When I was a child, one of my favorite places to go on Long Island was the Long Island Game Farm, a perhaps-antiquated name for what is a small children’s zoo where you can pet, feed, and cuddle with a number of silly creatures.

My mom and I took the boys there recently, and what a time we had!

Baby black-bellied sheep nibbled on our fingers...

We hung out with a really charming donkey.

One of my favorite features of this particular place is that there are certain pens you get to go in and out of freely, including one with small deer and one with (squeal with me!) baby goats!

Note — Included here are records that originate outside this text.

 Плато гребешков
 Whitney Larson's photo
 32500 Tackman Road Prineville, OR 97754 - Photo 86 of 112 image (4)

For a semi-outrageous fee you can buy little bottles of milk to feed the 'babies.'

Looking back at my face in these pictures, I’m thinking that my opening line “when I was a child…” is inaccurate. Apparently I’m still a child.

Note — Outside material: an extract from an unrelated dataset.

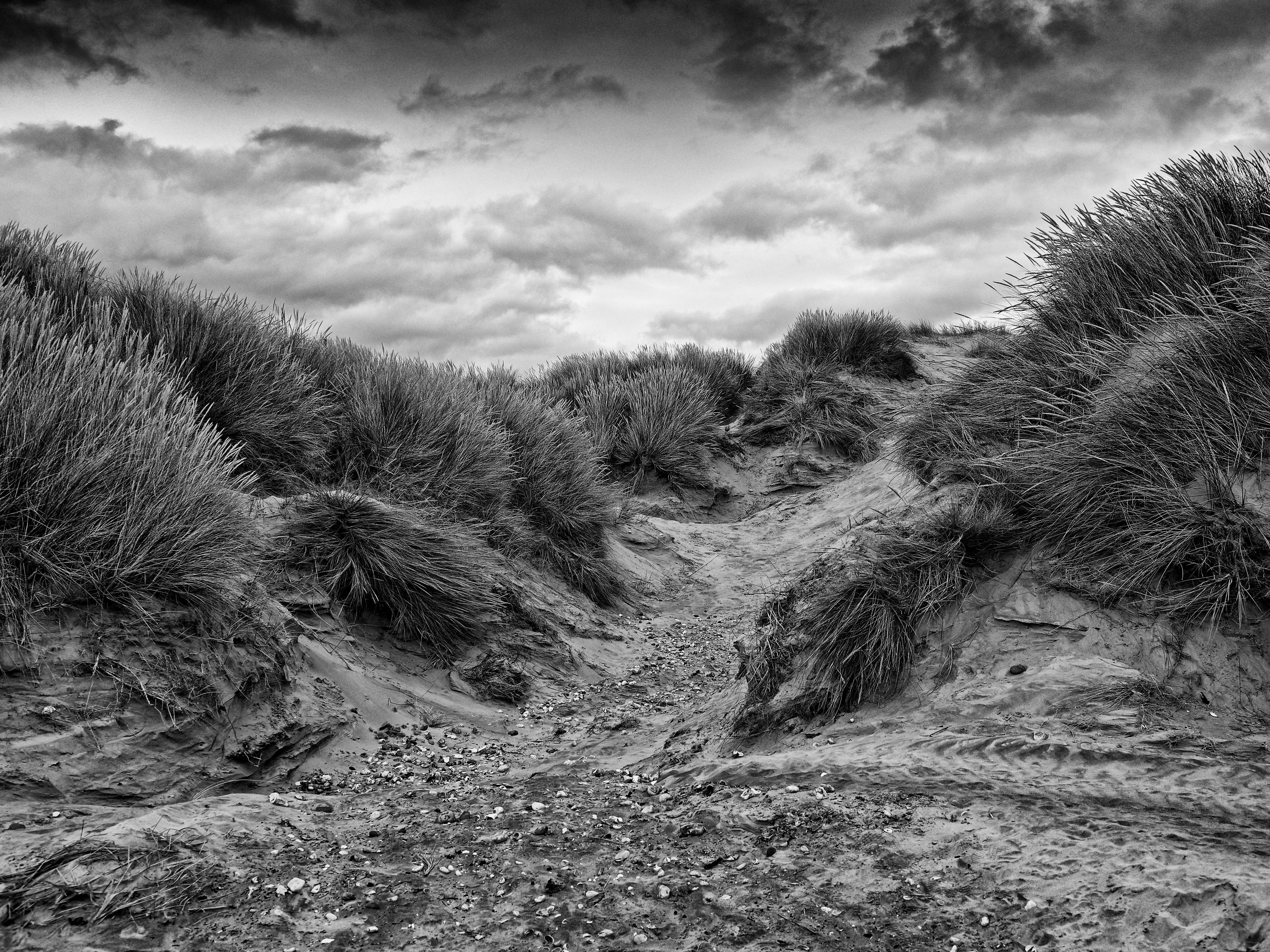 September – Black and white: The Dunes by Ray Foxlees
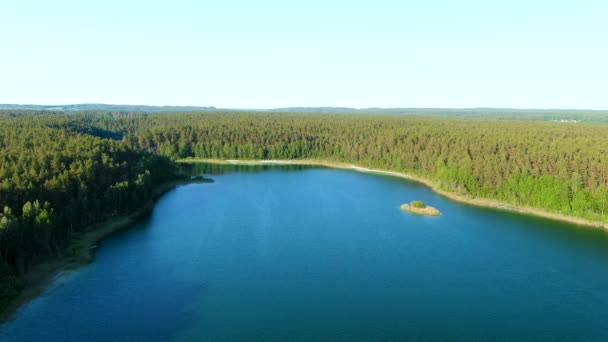 空中明亮的夏夜景色映衬着美丽的Gela湖绿水 环绕着松树林的美丽翡翠湖鸟瞰 立陶宛 — 图库视频影像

The actual children had a great time, too:

 

Graeme (center) got knocked over by baby goats repeatedly, which did nothing to attenuate his passion for them.

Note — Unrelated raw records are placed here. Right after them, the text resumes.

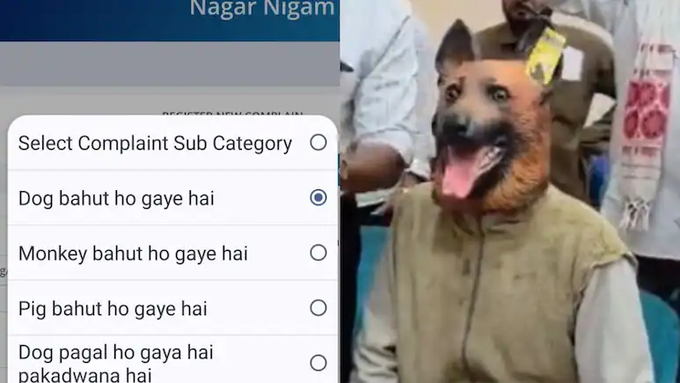A meme featuring a complaint menu for "Nagar Nigam" with options like "Dog bahut ho gaye hai" and "Monkey bahut ho gaye hai," overlaid on a man wearing a dog mask.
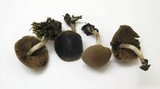 Psathyrella piluliformis image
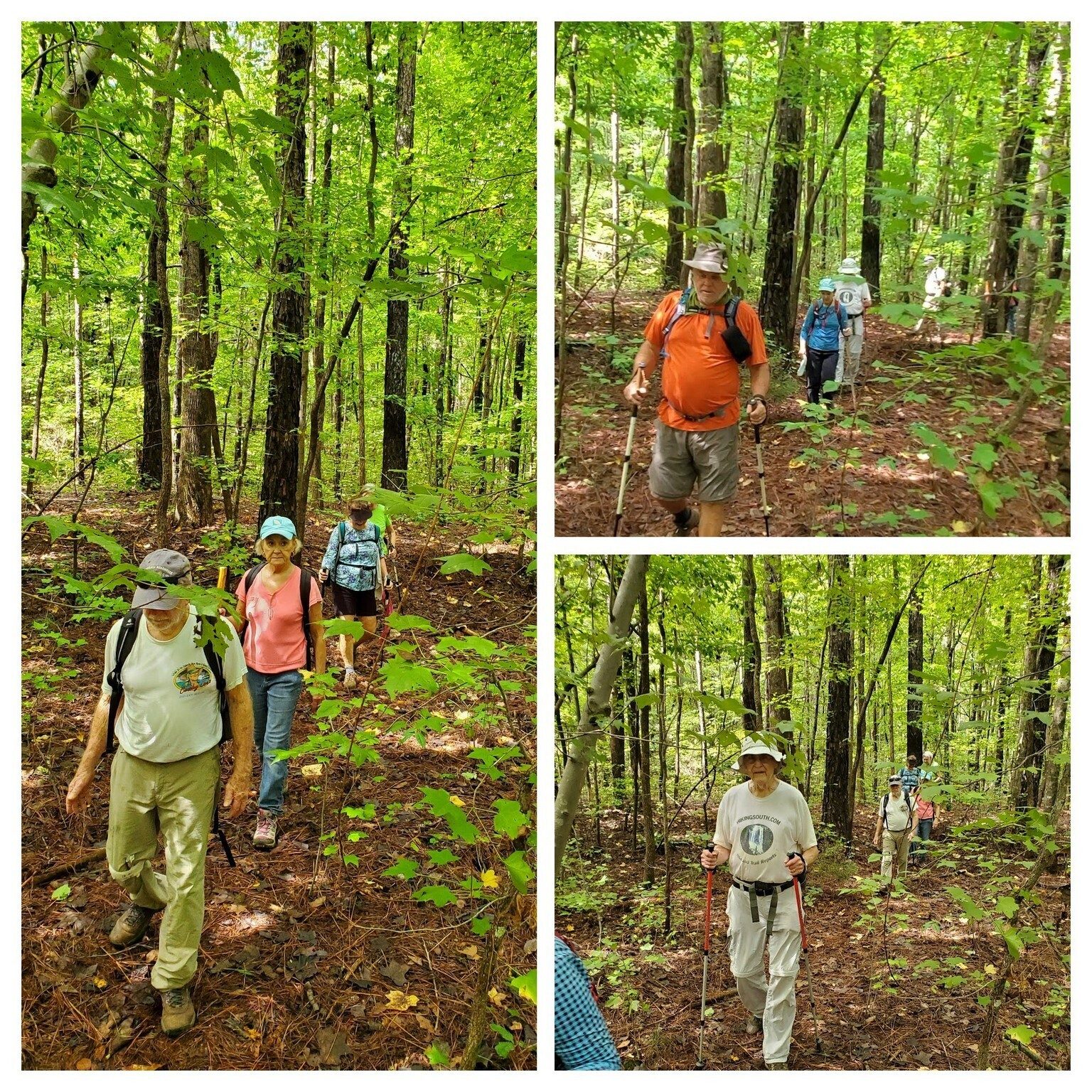 Doing a little bushwhacking today even though it may not look like it.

But it was truly three generations of animal love:

With a long (ish) history:

Oy, the glasses. These were so wrong.

I love places like this. I really think they can help children experience a sense of wonder at and compassion for God’s creatures. But I’m always stunned by two things:

1. So many junky toys being hawked.

2. So much junky food.

I don’t want to pet sweet creatures and then go eat hot dogs made from their mistreated buddies! This is an absurd disconnect!

(Not saying no meat. But Certified Humane chicken fingers and hot dogs might be an appropriate step…and would it kill them to offer a veggie burger!?)

I wonder if places like the Long Island Game Farm could do more to offer a fuller vision of what it looks like to coexist peacefully with animals–even without being vegetarian. As Wendell Berry writes:

“To live, we must daily break the body and shed the blood of Creation. When we do this knowingly, lovingly, skillfully, reverently, it is a sacrament. When we do it ignorantly, greedily, clumsily, destructively, it is a desecration.”

 

 


2 thoughts on “Generations of Unbridled Delight

  1. Your mom hasn’t changed a bit, you rocked those glasses, and isn’t it amazing that zoos, etc., get away with charging “semi-outrageous” prices for stuff? Thanks for taking us along to see the animals with the family.

    Tim

    • I don’t know if I really rocked those glasses. But it makes me happy to see my pre-adolescent self so happy about hugging a goat!